### [EXERCISE DESCRIPTION]
Using the listing below, copy exactly the lines from the one containing "Saket 3 Bedroom" to the one containing "Plant T-Shirt Basic", both lines included, and no others.

### [DATASET]
------
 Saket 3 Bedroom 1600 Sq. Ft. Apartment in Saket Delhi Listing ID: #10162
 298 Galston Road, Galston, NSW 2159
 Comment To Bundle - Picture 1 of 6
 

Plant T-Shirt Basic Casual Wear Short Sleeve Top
------
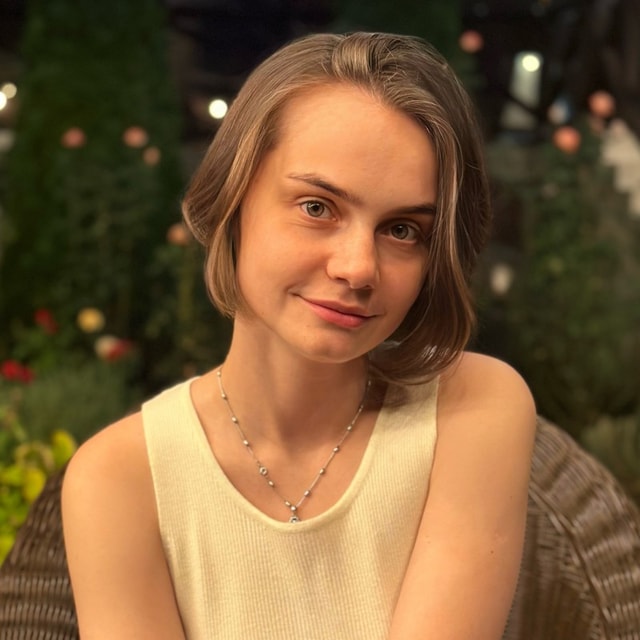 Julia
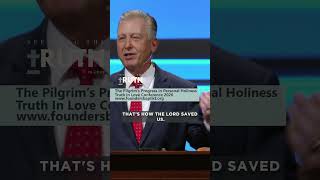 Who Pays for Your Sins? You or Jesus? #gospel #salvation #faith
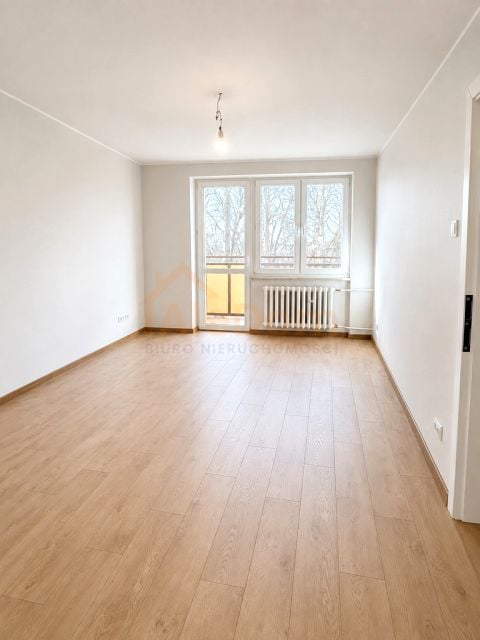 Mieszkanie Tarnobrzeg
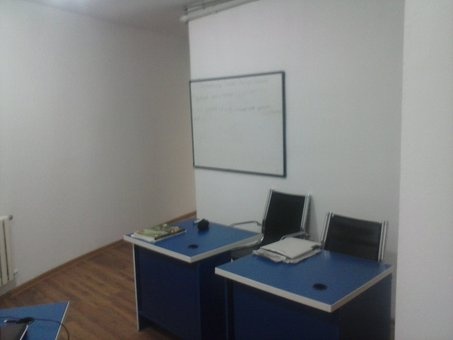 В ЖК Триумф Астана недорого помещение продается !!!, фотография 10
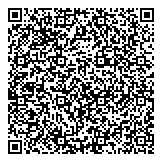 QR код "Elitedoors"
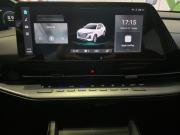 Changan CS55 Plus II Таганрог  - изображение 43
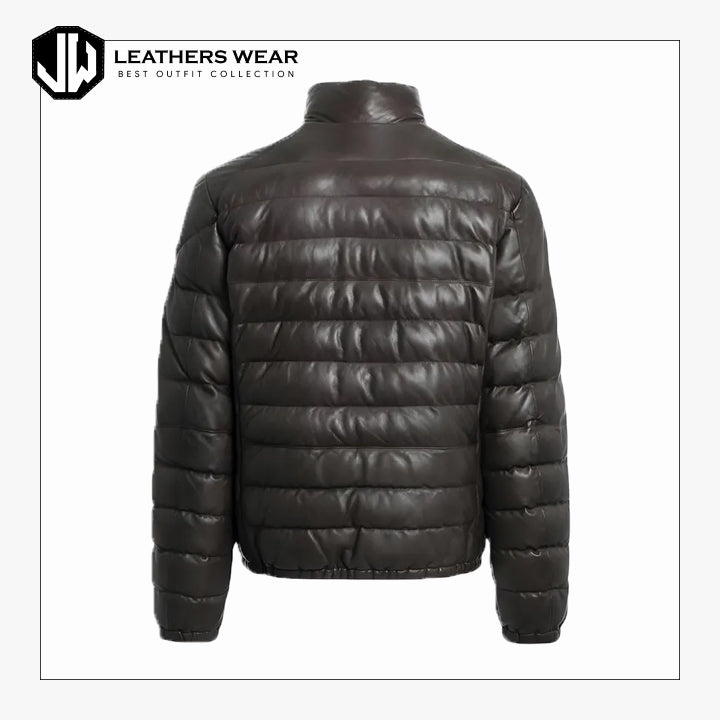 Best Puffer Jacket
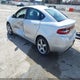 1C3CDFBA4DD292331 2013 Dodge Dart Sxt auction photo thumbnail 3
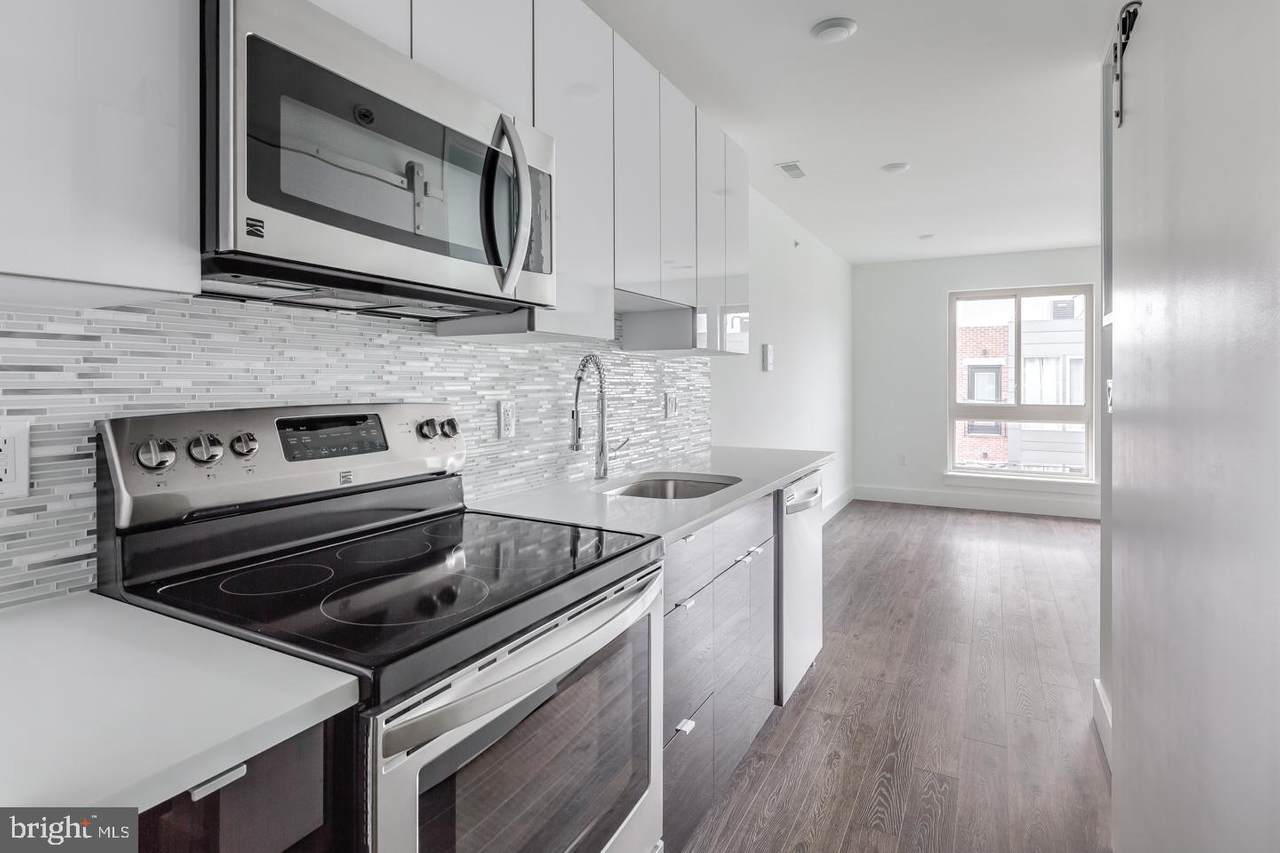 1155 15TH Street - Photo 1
------
### [THE ANSWER]
 Saket 3 Bedroom 1600 Sq. Ft. Apartment in Saket Delhi Listing ID: #10162
 298 Galston Road, Galston, NSW 2159
 Comment To Bundle - Picture 1 of 6
 

Plant T-Shirt Basic Casual Wear Short Sleeve Top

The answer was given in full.